Records provided ::

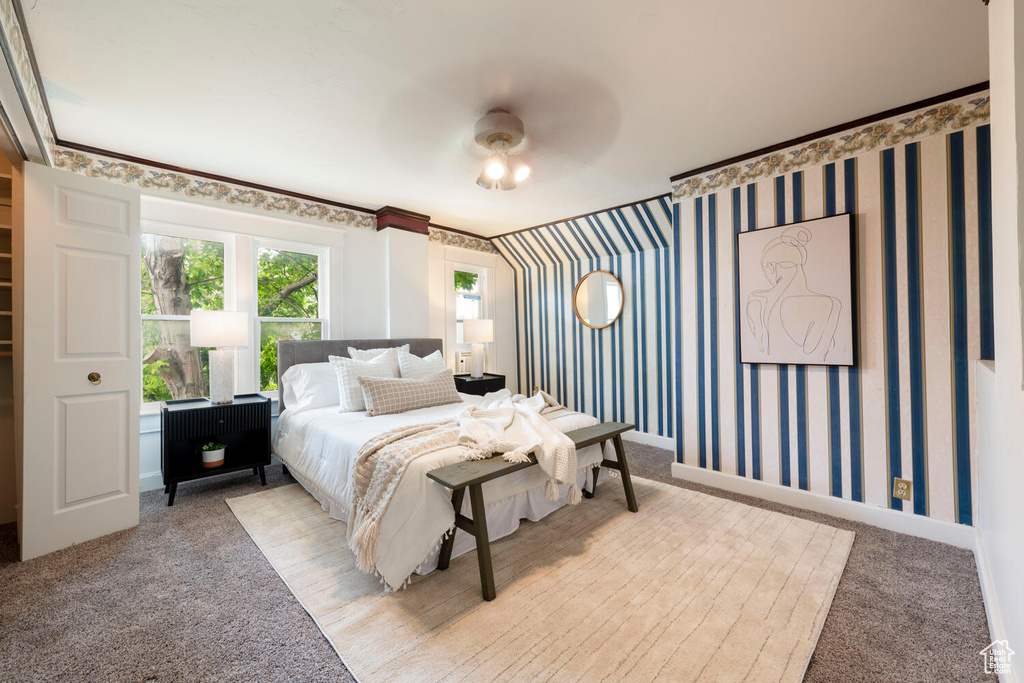 Carpeted bedroom with wallpapered walls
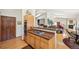 Open concept kitchen with wood cabinets, breakfast bar, granite countertops, stainless appliances, and wood floors at 514 Creekside Ct, Golden, CO 80403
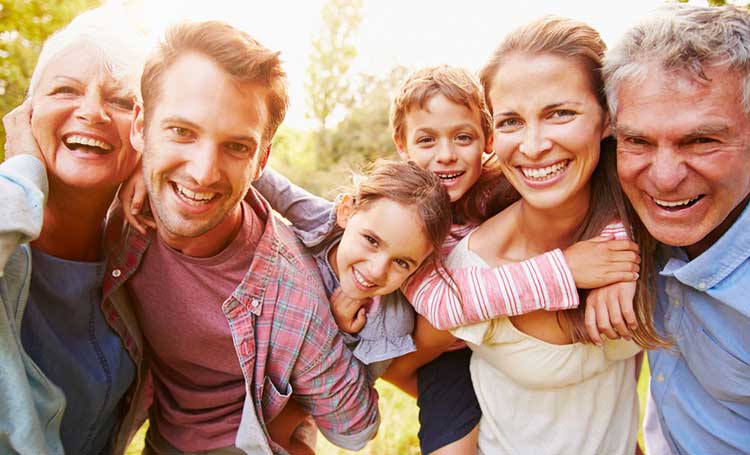 extended family hugging and smiling together into the camera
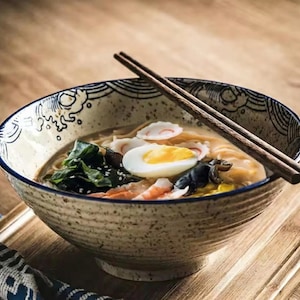 May include: A bowl of ramen with chopsticks. The bowl has a speckled beige exterior with a blue patterned rim. The ramen includes noodles, a boiled egg, shrimp, seaweed, and fish cakes. The chopsticks are brown.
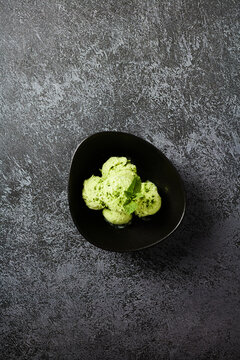Minimalist flat lay of matcha green tea ice cream in a black bowl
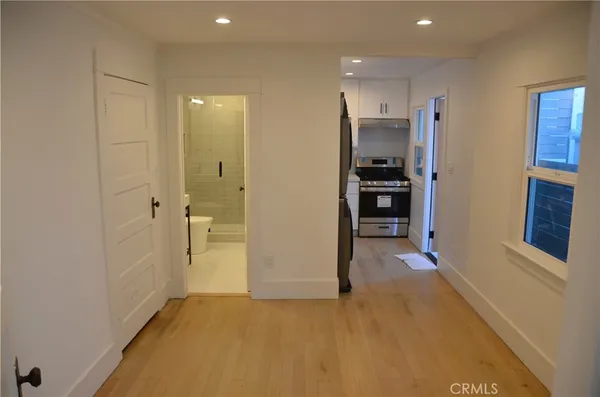 a view of a hallway with an outdoor space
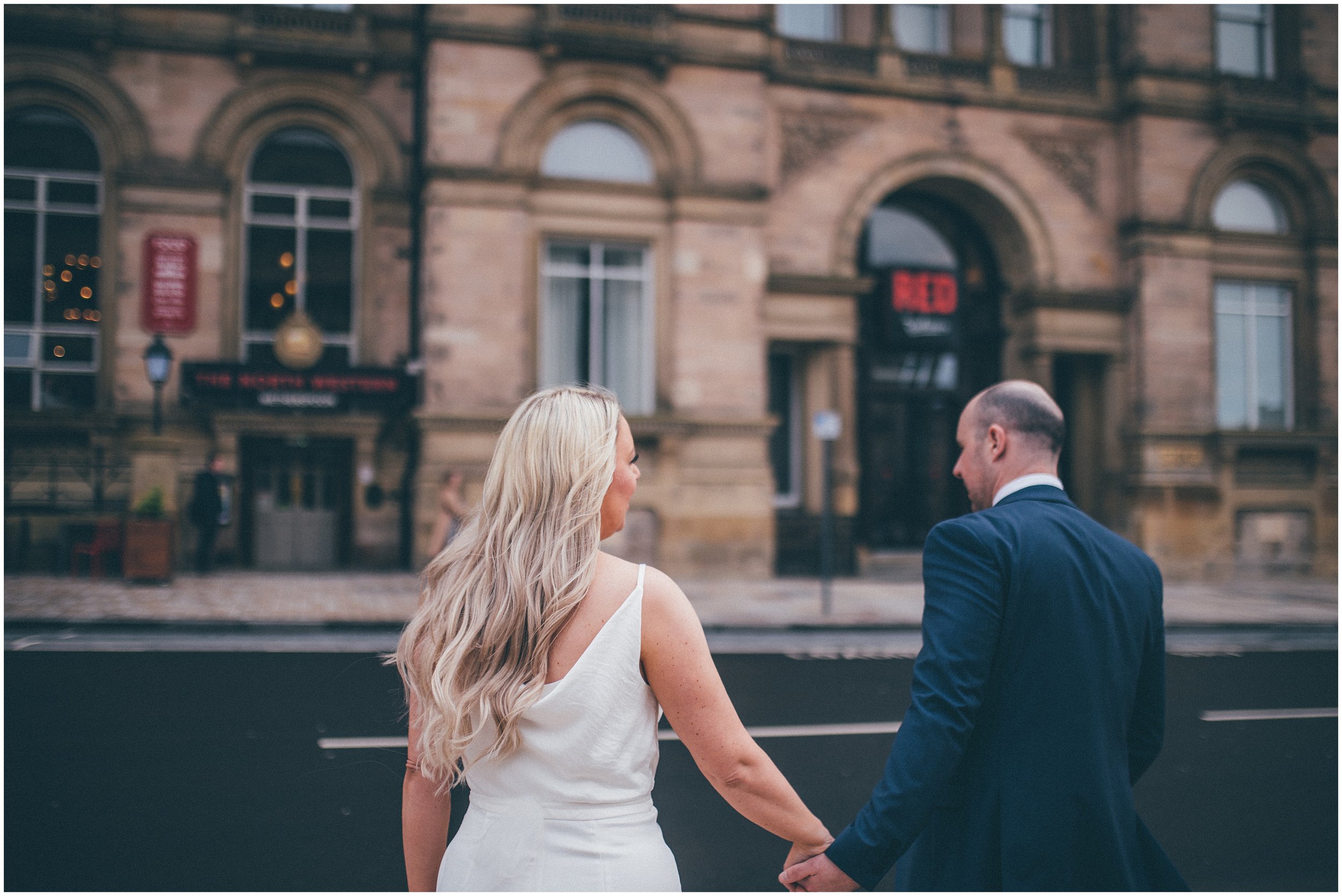 Bride and groom walk back to Radisson Red hotel after their elopement in Liverpool city centre at St George's Hall in Liverpool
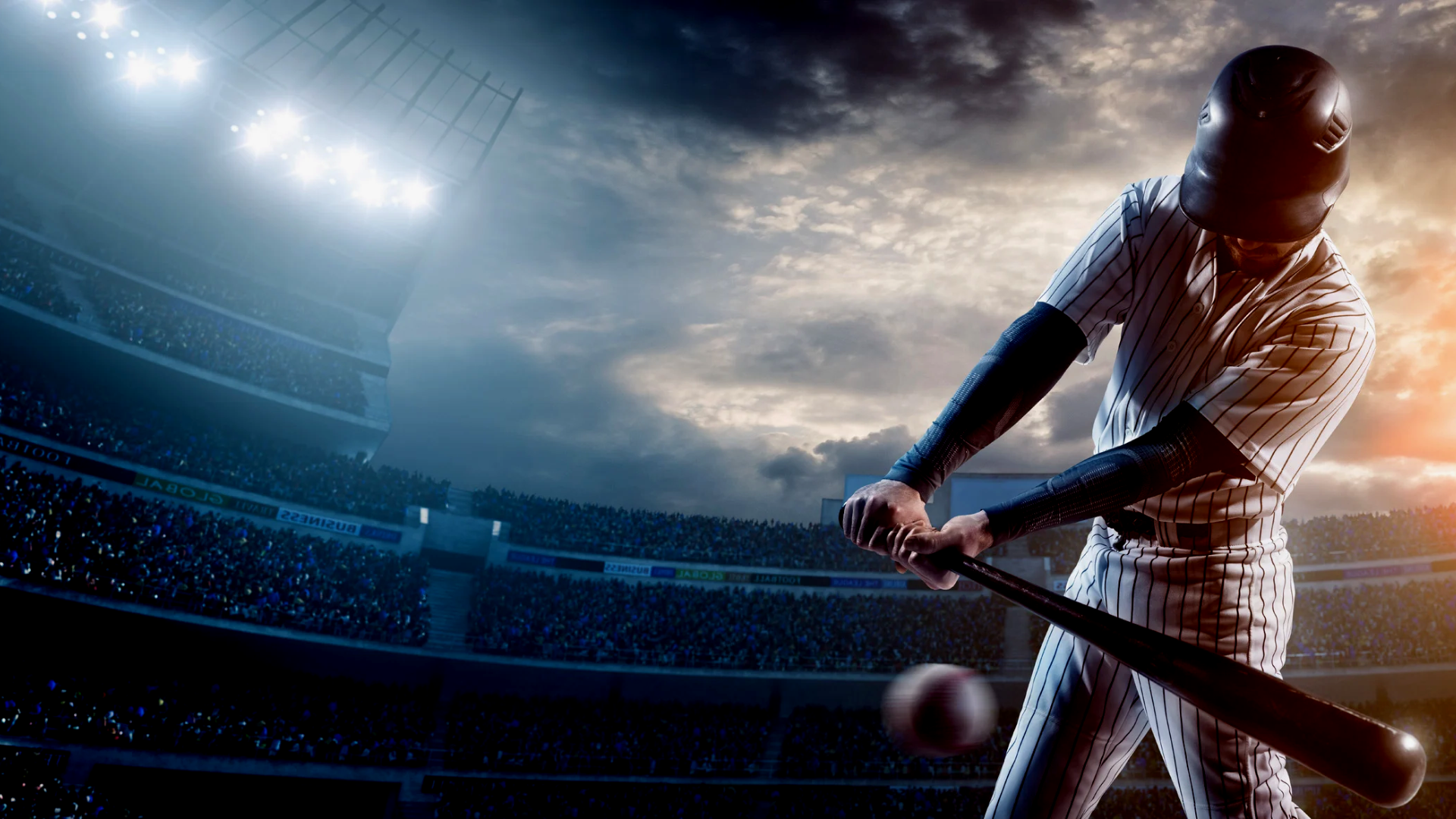 A Baseball player hitting a ball inside a major league stadium.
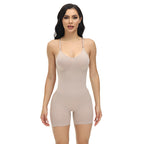 Woman wearing a beige shapewear bodysuit on a white background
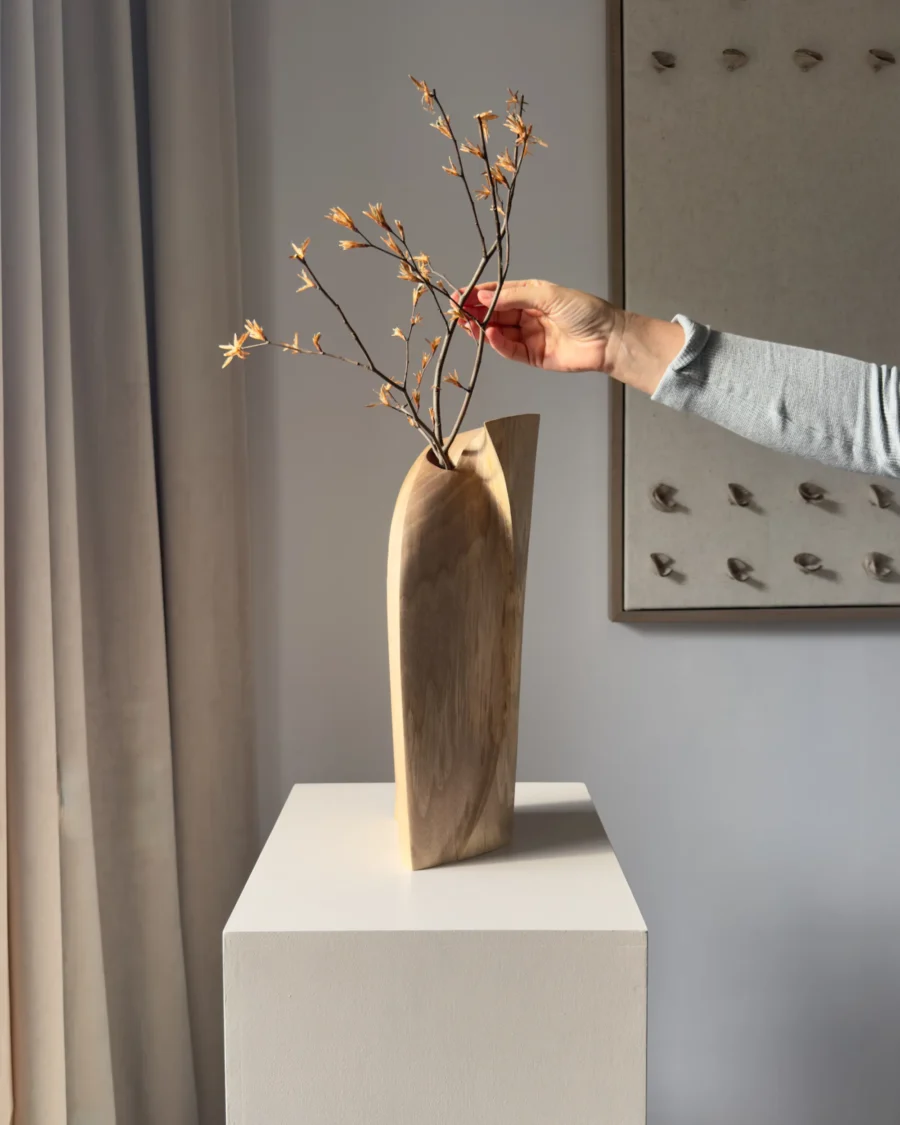 Hand arranging delicate branches in the Continuum walnut sculpture, demonstrating its use as a vase.
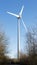 Isolated wind turbine surrounded by trees and a clear blue sky behind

Directions for this task :: In your copy of the entries above, keep the text exact and leave out the pictures.

Solved exercise ::
 Carpeted bedroom with wallpapered walls
 Open concept kitchen with wood cabinets, breakfast bar, granite countertops, stainless appliances, and wood floors at 514 Creekside Ct, Golden, CO 80403
 extended family hugging and smiling together into the camera
 May include: A bowl of ramen with chopsticks. The bowl has a speckled beige exterior with a blue patterned rim. The ramen includes noodles, a boiled egg, shrimp, seaweed, and fish cakes. The chopsticks are brown.
Minimalist flat lay of matcha green tea ice cream in a black bowl
 a view of a hallway with an outdoor space
 Bride and groom walk back to Radisson Red hotel after their elopement in Liverpool city centre at St George's Hall in Liverpool
 A Baseball player hitting a ball inside a major league stadium.
 Woman wearing a beige shapewear bodysuit on a white background
 Hand arranging delicate branches in the Continuum walnut sculpture, demonstrating its use as a vase.
 Isolated wind turbine surrounded by trees and a clear blue sky behind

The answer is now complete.